Madame de Raimbault’s return put an end at last to this dangerous intimacy. Valentine ceased to come to the farm, and Bénédict fell from the sky to the earth.
As he had boasted to Louise of the courage he would show when the time came, he bore this painful trial well enough at first, to all appearance. He would not confess how much he had miscalculated his strength. He contented himself during the first few days with hovering about the château on various pretexts, happy when he caught a glimpse of Valentine in her garden; then he stole into the park at night to watch the light of the lamp in her room. Once, Valentine having ventured to go out to watch the sunrise at the end of the field, where she had first met Louise, she found Bénédict seated on the spot where she had sat; but, as soon as he saw her, he fled, pretending not to see her, for he felt that he had not the self-control to speak to her without betraying his agitation.

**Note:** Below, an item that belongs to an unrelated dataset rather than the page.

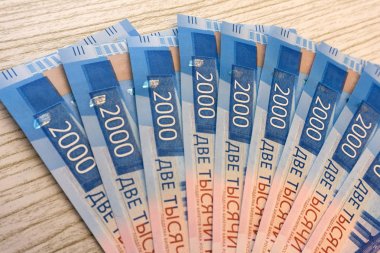 Beyaz arka plan üzerinde yeni Rus banknotlar. 2000 ruble. Vladivostock. Rus parası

Another time, as she was strolling about the park at nightfall, she heard a rustling in the foliage near her several times, and, when she had left the place where she had been thus startled, she saw a man crossing the path in the distance, who had Bénédict’s figure and was dressed like him.
He induced Louise to ask for another meeting with her sister. He accompanied her as on the first occasion, and held aloof while they talked together. When Louise called him, he walked toward them in indescribable perturbation.
“Well, my dear Bénédict,” said Valentine, who had mustered all her courage for that moment, “this is the last time that we shall meet for a long while, I suppose. Louise has just told me of her approaching departure and yours.”
“Mine!” said Bénédict, bitterly. “Why mine, Louise ? What do you know about it ?”
In the darkness he had kept Valentine’s hand in his, and he felt it tremble.
“Haven’t you decided not to marry your cousin—at all events this year ?” said Louise. “And is it not your purpose now to create an independent position for yourself ?”
“It is my intention never to marry anybody,” he replied in a harsh and vehement tone. “It is also my intention not to be a burden to anyone; but it doesn’t necessarily follow that I intend to leave the province.”
Louise made no reply, and swallowed tears which they could not see. Valentine pressed Bénédict’s hand slightly
in order to release her own, and they parted, more agitated than ever.
Meanwhile, the preparations for Valentine’s marriage were going forward at the château. Each day brought new gifts from the prospective bridegroom. He was to arrive in person as soon as the duties of his office would permit, and the ceremony was appointed to take place on the second day thereafter, for Monsieur de Lansac, being a valued member of the diplomatic service, had very little time to waste upon such a trivial matter as marrying Valentine.